Thursday, December 1, 2011

Carbonate Your Beer with Sugars

By Jacob Watson


In a commercial brewery, the finished beer is usually carbonated with Carbon dioxide gas and the home brewers, who wish to know what type of sugar can be used to carbonate beer, can also opt for this by kegging and carbonating by force. But you can also carbonate it naturally by starting the process of secondary fermentation after bottling.

The right answer to what type of sugar can be used to carbonate beer, would be corn sugar, as it is very popular due to its reliability in beer fermentation without the hassles of any taste left behind. The entire amount of corn sugar, which would be about three-fourths of a cup for 5 gallons of beer, should be boiled in about a cup of water. The beer carbonates within two weeks.

You could also opt for dried malt syrup or extract syrup if you don't know what type of sugar can be used to carbonate beer. But care should be taken to use more amounts of this when compared to corn sugar, as the fermenting material in malt extract is only about 70 to 80 percent of that in corn sugar.
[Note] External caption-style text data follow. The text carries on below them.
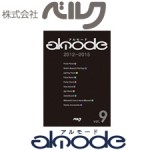 almode-300225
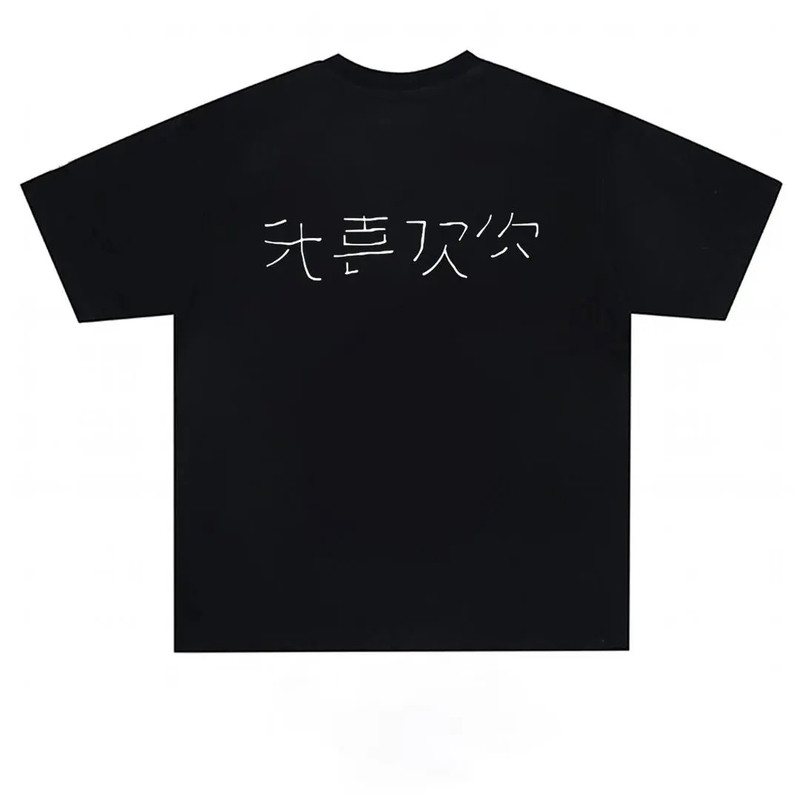夏季新款创意文字我喜欢你印花短袖纯棉T恤男女宽松百搭时尚潮流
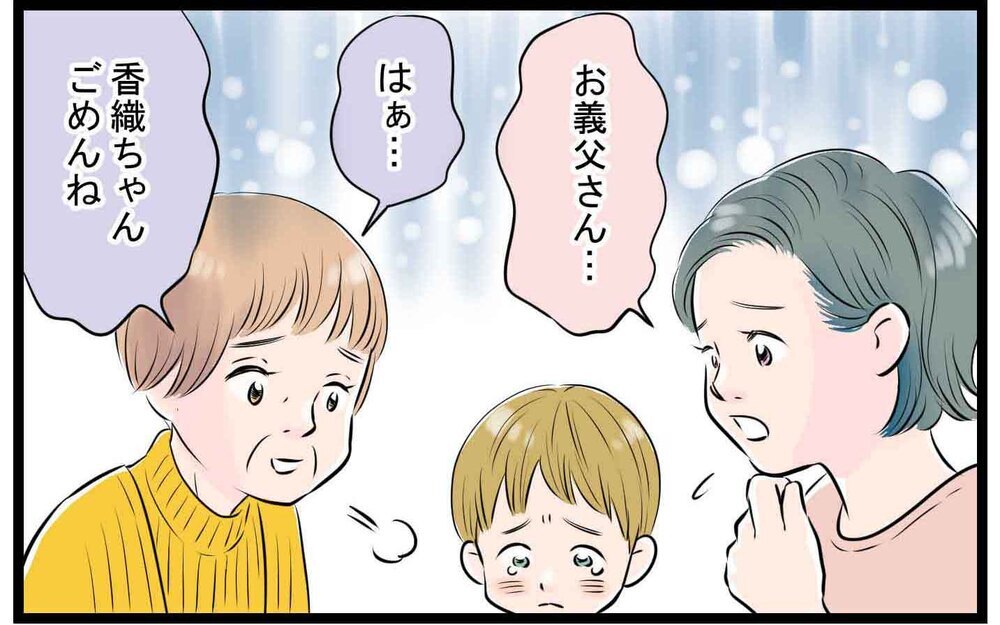 「子どもはこうあるべき」と怒る義父… 同居生活は改善する!?(中編)【義父母がシンドイんです！ まんが】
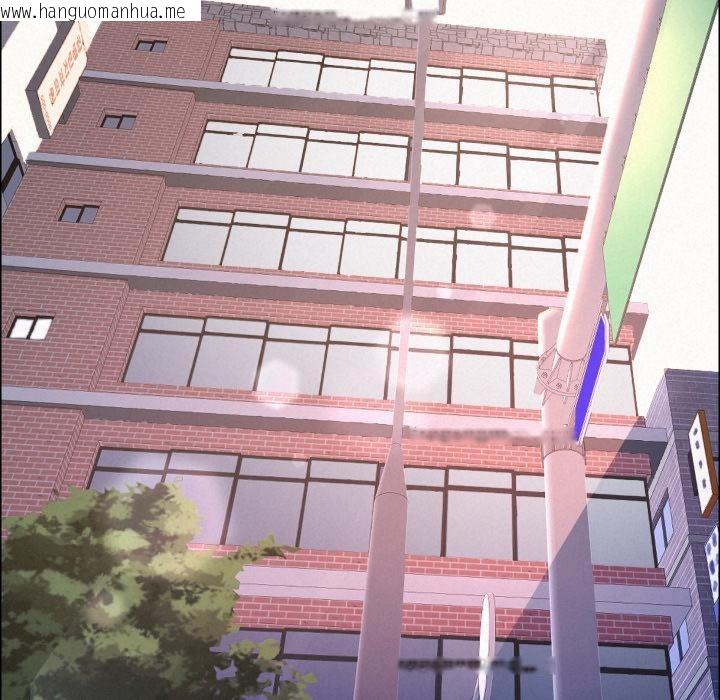 韩国漫画贵妇的专属保镳韩漫_贵妇的专属保镳-第57话在线免费阅读-韩国漫画-第169张图片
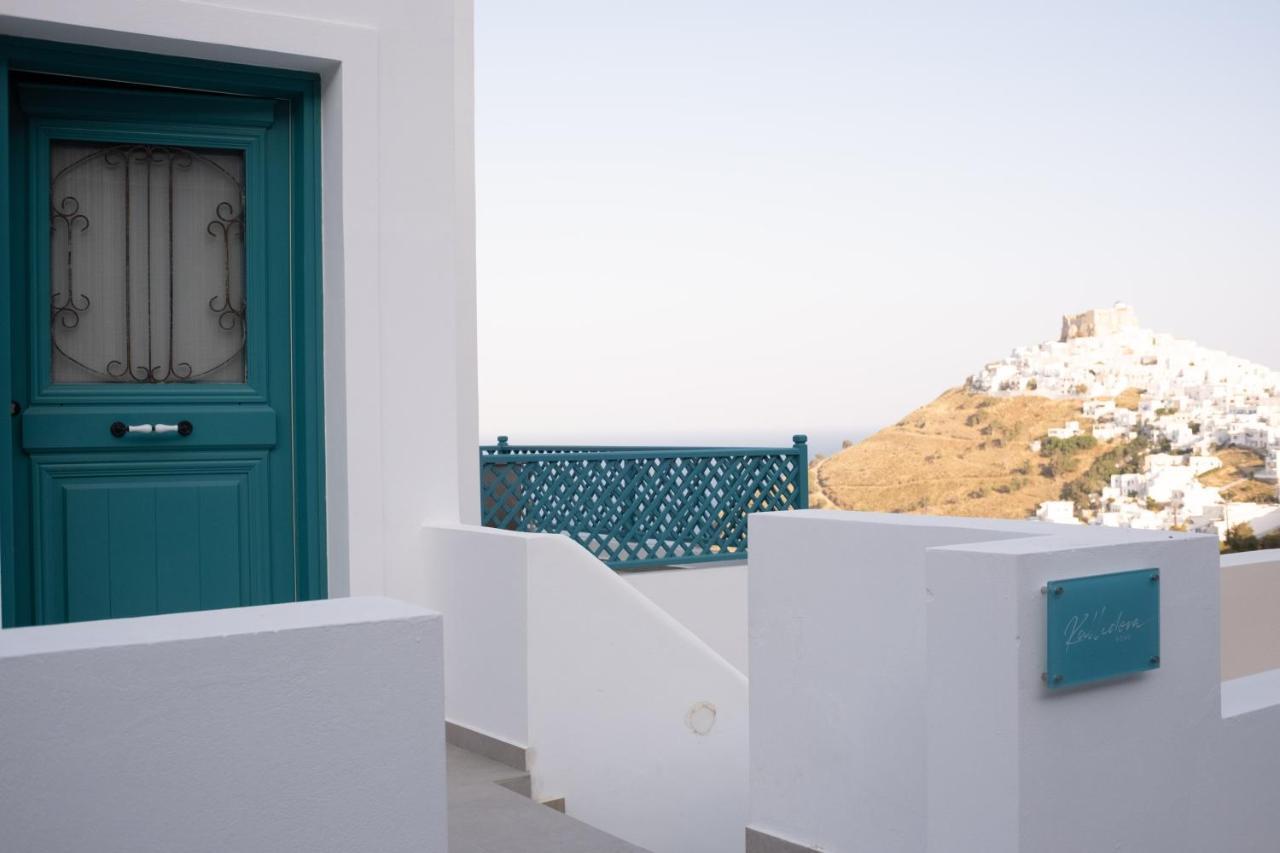 Kallidora Home Astypálaia 외부 사진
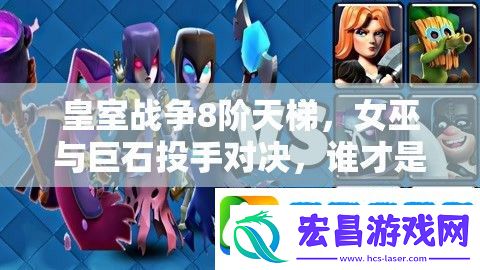 皇室战争8阶天梯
If you are still wondering what type of sugar can be used to carbonate beer, then your other options would be honey which you need one cup for five gallons of beer carbonating it within two weeks. There are other sugars such as molasses, maple syrup, chocolate syrup, brown sugar, juice concentrate that can also be used.

Cleaning bottles for homebrew must be done very meticulously. It should be soaked in a cleaning solution and scrubbed well from the inside with a nylon bottle brush. There should be no deposits so that bacteria and molds cannot hide in it.

Once the bottles are used, they should be thoroughly cleaned and before using these should be perfectly sanitized. You could soak them in a good cleaning solution or, alternatively, put them into a dishwasher with the heat on. Dry them by placing upside down on the rack and do take care that you use boiled water to clean them. Tap water might spoil your beer. Other items needing sanitization are the siphon, spoons, container and the bottle caps too.